Fibre of GIT morphism Let $ V $ be an affine variety (over $ \mathbb C$) with an action of a reductive group $ G$.  I would like to consider the morphism $$ \pi : V \rightarrow V // G = Spec \, \mathbb C[V]^G $$
Let $ v \in V $.  Assume that the orbit $ Gv $ is closed in $ V $. Assume also that the stabilizer of $ v $ in $ G $ is finite.  
Question:
Is the following true?  What additional hypothesis should I place on $ v $ in order to ensure that the following is true?

The scheme-theoretic fibre $ \pi^{-1}(\pi(v)) $ equals $ G v $.

I looked in Mumford's book, but I could not find this.
Example:
Here is an example where this does work.  Suppose that $ G = SL_k $ and $ V = Hom(\mathbb C^k, \mathbb C^n) $ and let $ v $ be an injective map.  Then $ V // G $ is the variety of pure $k$-tensors (the cone on the Grassmannian).
 A: I am just recording what was said in the comments so this question does not appear completely unanswered.
Let $\pi_X:X\to X//G$ be the GIT quotient of an affine variety over $\mathbb{C}$ by a reductive group $G$.  WLOG assume the action is effective.
First, a point is properly stable if its orbit is closed and it has finite stabilizer.  The locus of properly stable points is Zariski open.  Then since each fibre $\pi_X^{-1}(\pi_X(x))$ is a union of orbits, this union contains a unique closed orbit, two such orbits are in the same fibre if and only if their closures intersect, and such intersections can be detected by 1-parameter subgroups, we can conclude that if $x$ is properly stable then $\pi_X^{-1}(\pi_X(x))$ is set-theoretically the orbit $Gx$.
Please see Stability of Affine G-varieties and Irreducibility in Reductive Groups by Casimiro and Florentino as a reference.
As pointed out by Jason Starr in the comments, the fibre is not generally scheme-theoretically the orbit however. A counter-example is the action of $\mathbb{G}_m$ on $\mathbb{A}^2\times \mathbb{G}_m$ by $s\cdot((x,y),t)=(sx,sy,s^{-n}t)$ for $n>1.$  As noted by the OP, this is apparent even for $n=2$.

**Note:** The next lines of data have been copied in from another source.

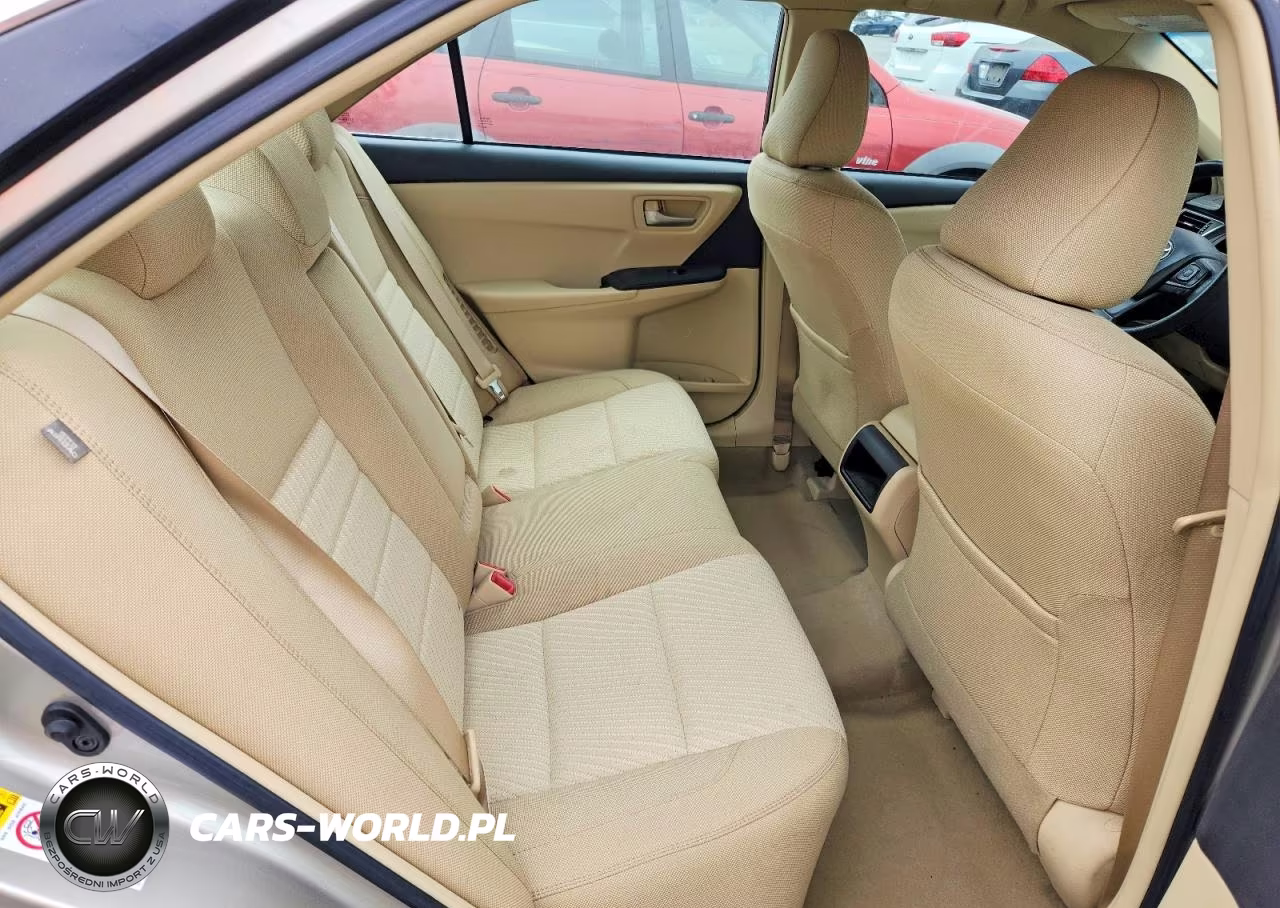 2016 Toyota Camry Hybrid Le VIN:4T1BD1FK1GU182141 - 10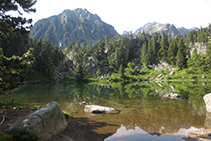 La Estanyera, el primero de los lagos del valle de Gerber.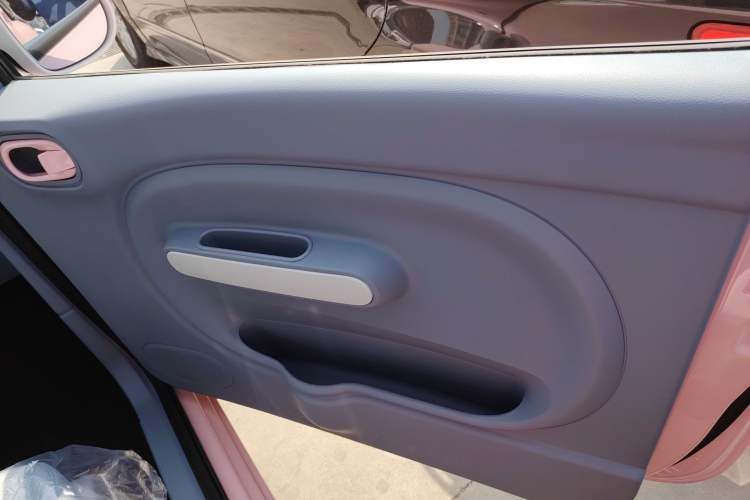 Used Bestune Pony 2025 222km Range Agile Horse
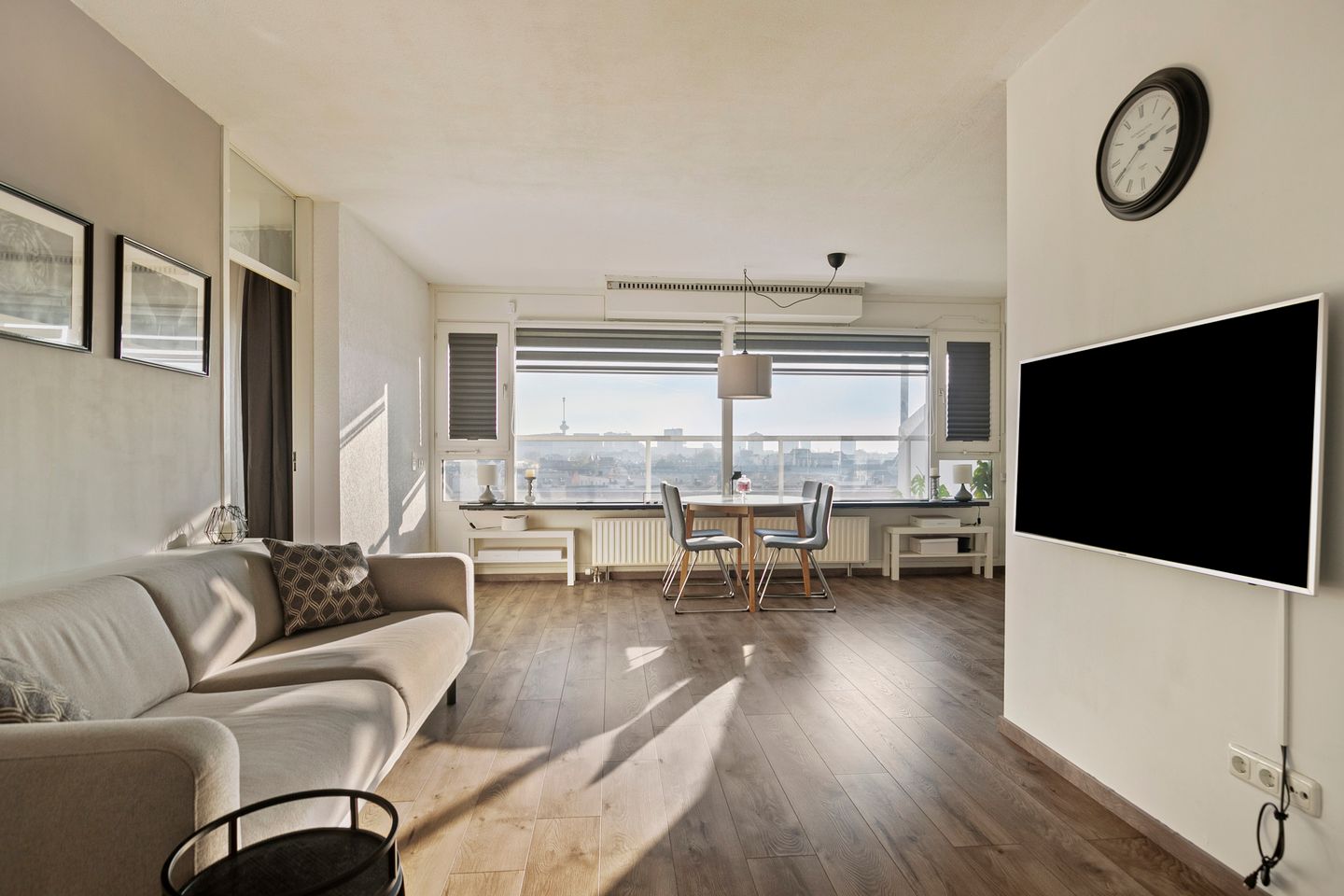 Photo 10 of Weena 801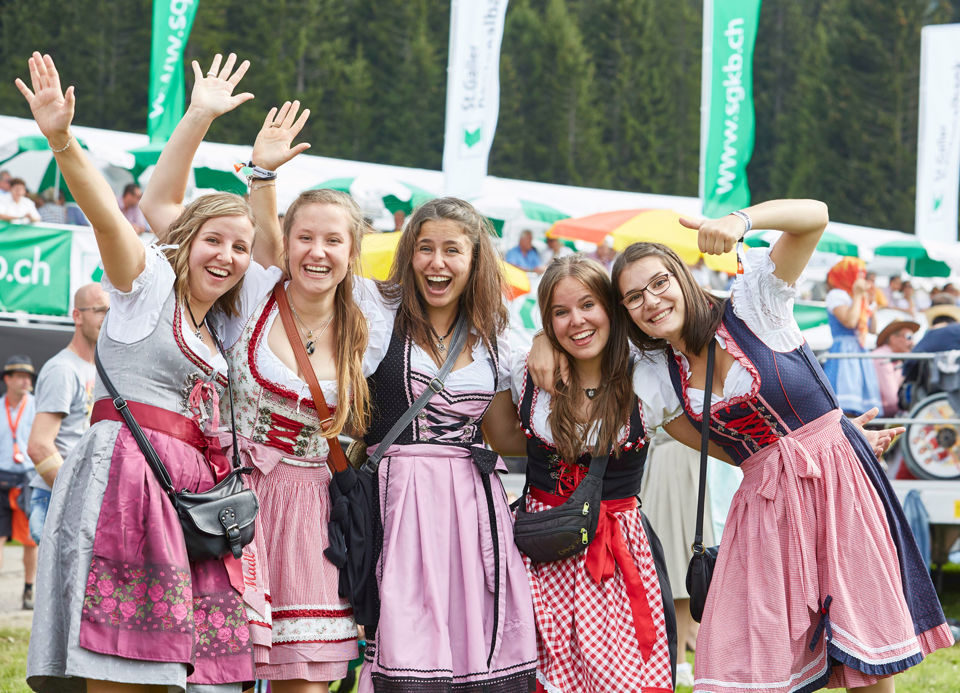 Eine Gruppe junger Frauen in Trachten beim Open Air Flumserberg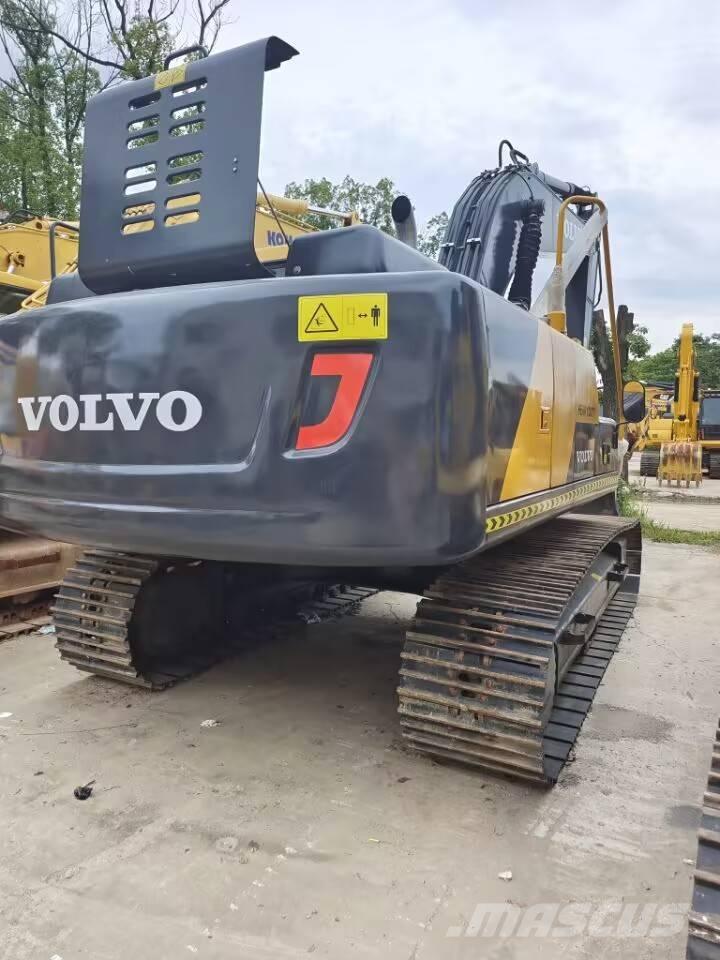 Volvo EC 210 Beltegraver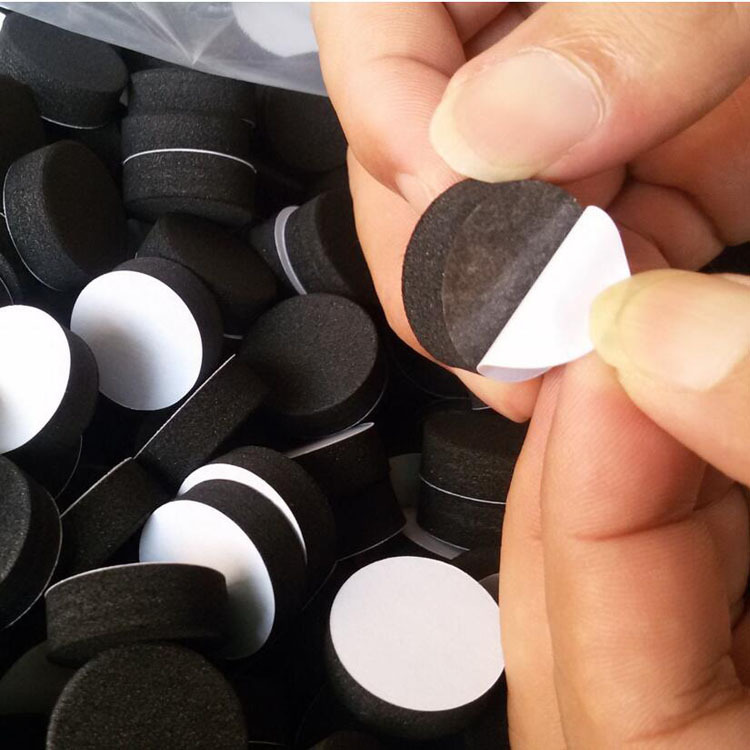 矽膠貼不幹膠如何貼的牢固.jpg 矽膠貼不幹膠如(rú)何貼的牢固.jpg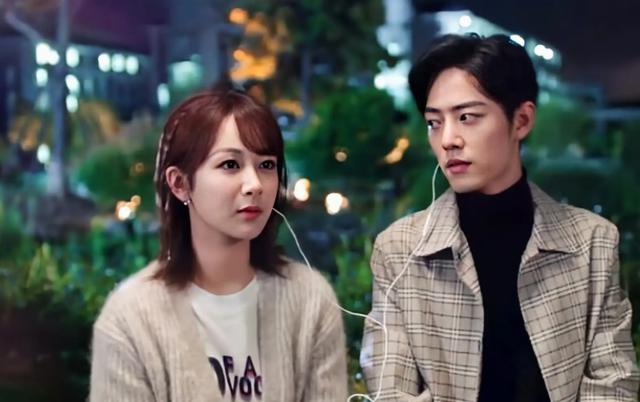 肖战杨紫私下亲吻(肖战杨紫亲吻混剪视频)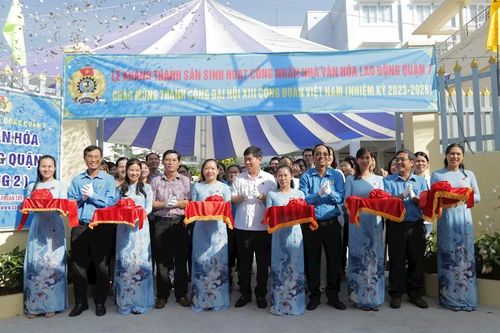 Phát động không gian xanh, nơi làm việc xanh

We now refer to the Luna Slice Theorem; see Luna’s slice theorem and applications by Drézet.  Let $V$ be a slice at a properly stable point $x$, and let $\pi_V:V\to V//S$ be the corresponding quotient where $S$ is the stabilizer of $x$ (necessarily a reductive subgroup).  Then there is an isomorphism: $$G\times_S \pi^{-1}_V(\pi_V(x))\cong \pi_X^{-1}(\pi_X(x)).$$ 
So, the fibre is the scheme-theoretic orbit if it is smooth which, by the Chevalley-Shephard-Todd Theorem, occurs if and only if the stabilizer is generated by pseudoreflections.